Archive for the ‘Encroachment’ Category

Inchoate encroachment claims: did the Handover start time running again?

April 15, 2015

In Li Kwok Ching v Secretary for Justice [2015] HKEC 552, CFI) the plaintiff was the Government lessee of land near Sheung Shui. He sought a declaration that the Government was barred from recovering possession of neigbouring unleased land by virtue of the doctrine of encroachment. The claim failed because the  plaintiff was unable to establish that he had been in possession for the sixty year period demanded by section 7(1) of the Limitation Ordinance.
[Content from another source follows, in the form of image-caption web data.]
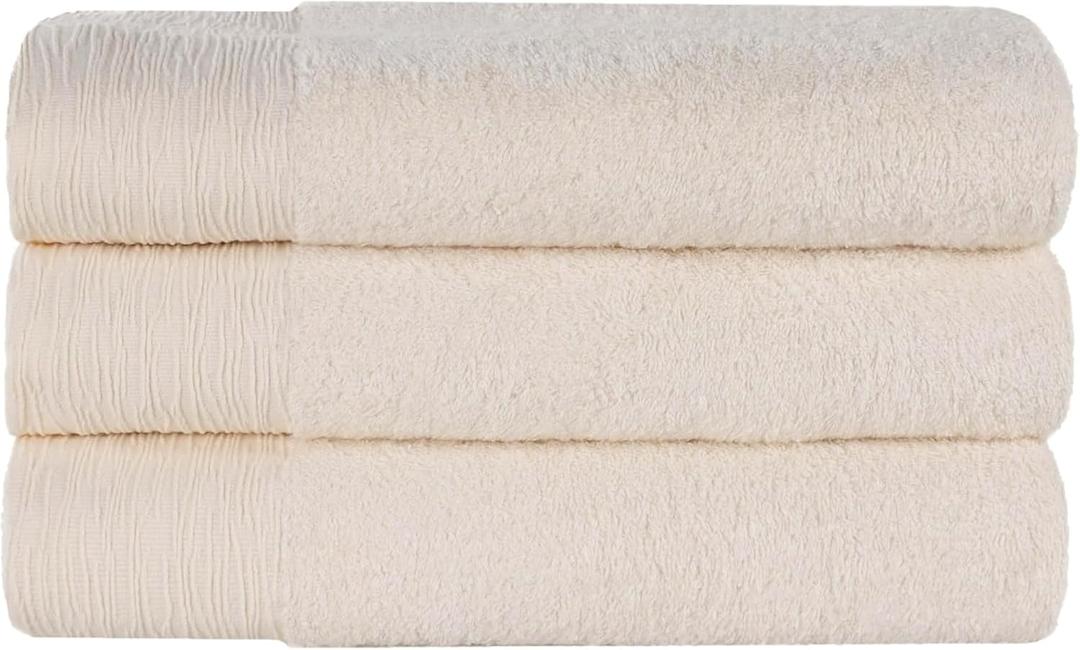 Superior Rayon from Bamboo Blend Bath Towel Set, Large Plush Absorbent Body Towels, Soft Luxury Quick Drying, Shower, Spa, Hotel, Pool, Guest Bathroom, Home Essentials, Set of 3, Ivory
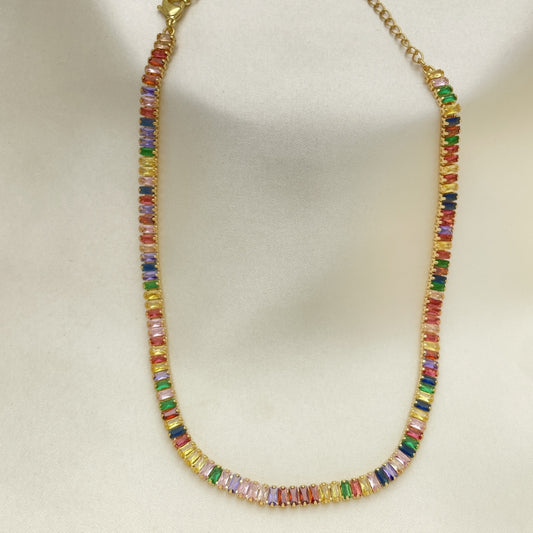 Oro Laminado Fancy Necklace, Gold Filled Style Baguette Design, with Multicolor Cubic Zirconia, Polished, Golden Finish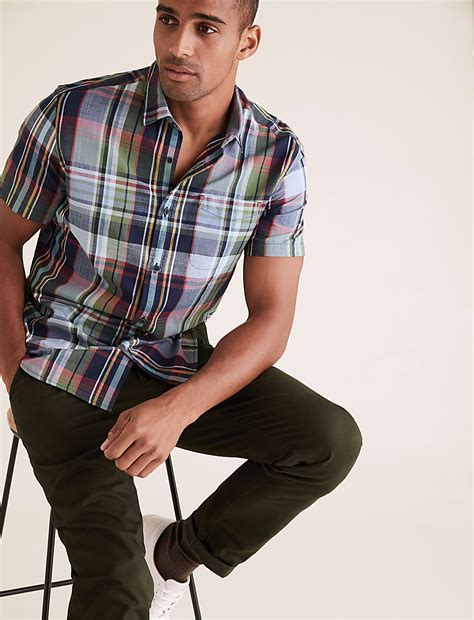 Buy Pure Cotton Checked Shirt at Marks & Spencer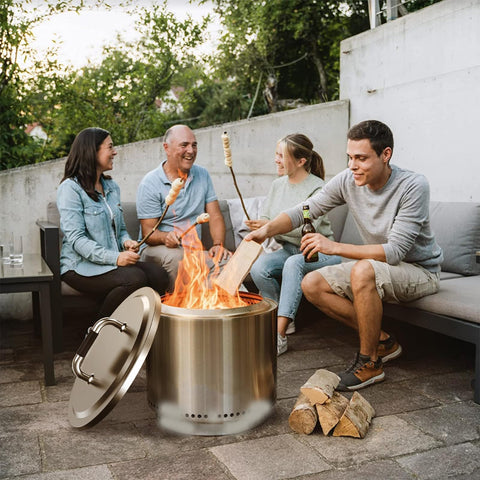 Uniflasy Fire Pit Lid features a heat-resistant insulated handle for safe use.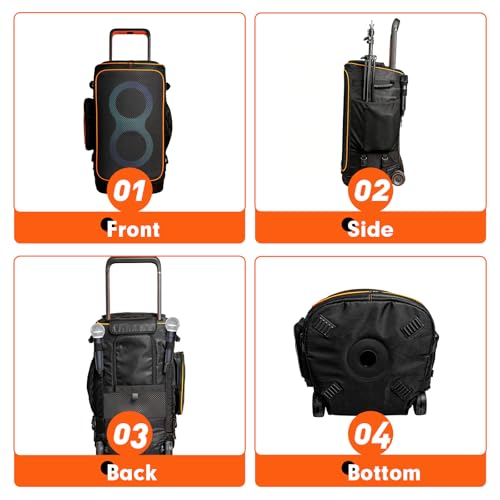 Beschermhoes voor JBL PartyBox 520, waterdichte transporttas met wielen, stofdichte opbergtas voor JBL PartyBox 520 luidsprekers voor reizen in de open lucht (zwart) - Afbeelding 6
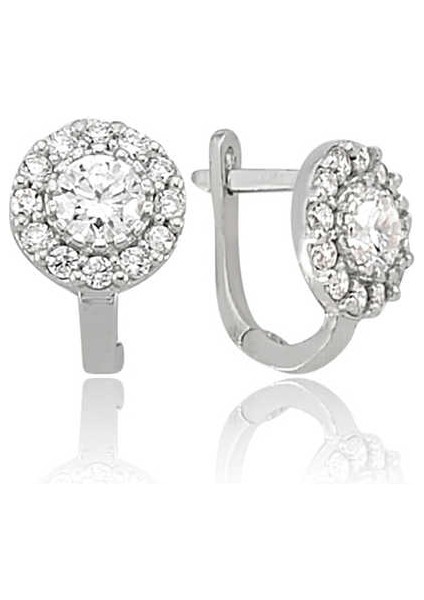 925 Ayar Gümüş Beyaz Yuvarlak Küpe EA0710031 (593593) fiyatları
In case, he was wrong on this, however, Godfrey Lam J. went on to consider the Government’s contention that the handover started time running afresh against the Government.

The argument was that the Peking Convention made the British Government a lessee of the land in the New Territories. The effect of the handover was to bring that lease to an end and to give possession to the Government of the Hong Kong SAR (on behalf of the Chinese State). Thus, time started running again against the Government of the Hong Kong SAR in 1997. The plaintiff’s possession up to 1997, it was argued, could only possibly have affected the title of the British Government.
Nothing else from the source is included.